West Jakarta (; ) is one of the five administrative cities of the Special Capital Region of Jakarta, Indonesia. West Jakarta is not self-governed and does not have a city council, hence it is not classified as a proper municipality. It had a population of 2,281,945 at the 2010 Census and 2,434,511 at the 2020 Census. The administrative center of West Jakarta is at Puri Kembangan.

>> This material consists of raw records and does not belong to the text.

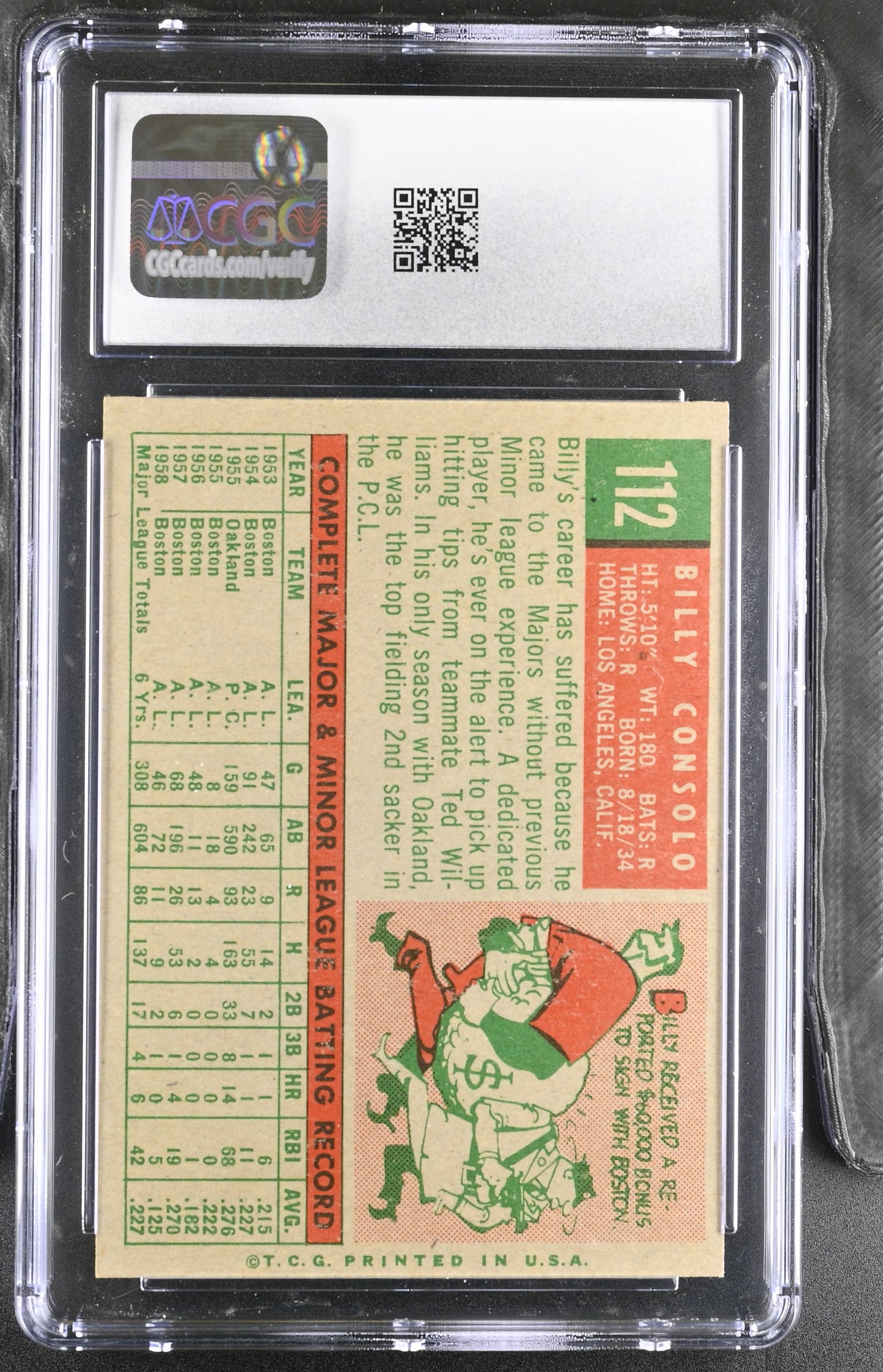 1959 Topps #112 Billy Consolo CGC 5.5 SN 6142657034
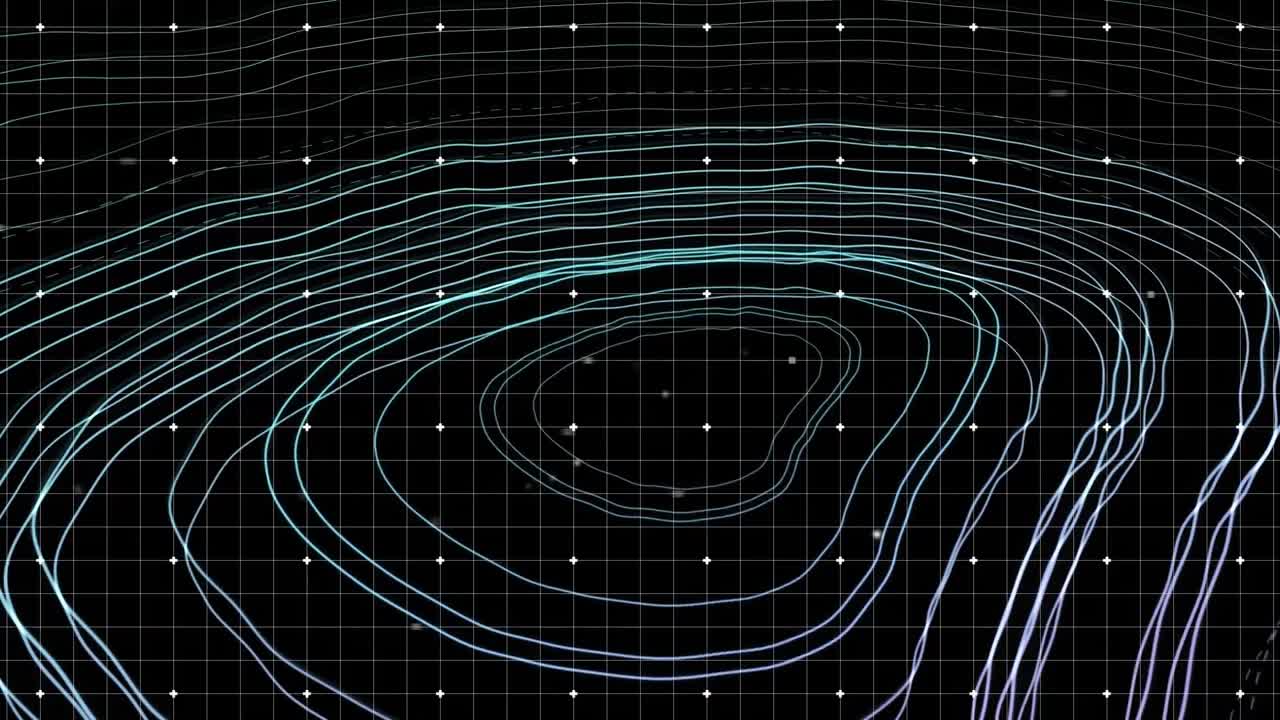 파란색 배경의 지형에 맞춰 그리드 선 위로 움직이는  ⁇ 색 입자
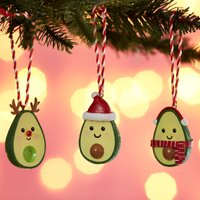 Festliche Avocado Weihnachtsbaum Dekorationen | 3Er-Set - Festive Winter Food Foodie Chefkoch Green Sparkle Glitter Gesundes Essen Geschenk von CirencesterChristmas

West Jakarta is bordered by Tangerang Regency and North Jakarta to the north, Central Jakarta to the east, South Jakarta to the south, and Tangerang city to the west.

History 

West Jakarta is famous for its Dutch colonial relics such as Town Hall Building (now Jakarta History Museum in Jakarta Old Town), Chinatown (Glodok) and also a number of old churches, mosques, and fortresses of early Dutch colonization in Batavia at that time.

Districts 
West Jakarta is subdivided into eight districts (kecamatan), listed below with their areas and their populations at the 2010 Census and according to the mid-2019 official estimates:

Economy 
After South Jakarta, West Jakarta is now designed to become a new business district for the Jakarta area and beyond. Particularly in Kembangan district, malls, entertainment centers, shopping centers, office centers, hospitals and schools has been built. This area becomes a strategic area because it is passed by the circuit of Outer Ring Road Jakarta (Jalan Lingkar Luar Jakarta).

Education

School system 
Like the rest of the city, public school system are available in West Jakarta. State schools such as SDN 01, SDN 03, SMPN 45, SMPN 169, SMPN 22, SMPN 32, SMAN 57, SMAN 65 and many more are located at West Jakarta. Private schools, that may be based on religion, such as Christian-based Bukit Sion International School, BPK Penabur Schools, and Islamic-based school such as Al-Azhar are also located on West Jakarta.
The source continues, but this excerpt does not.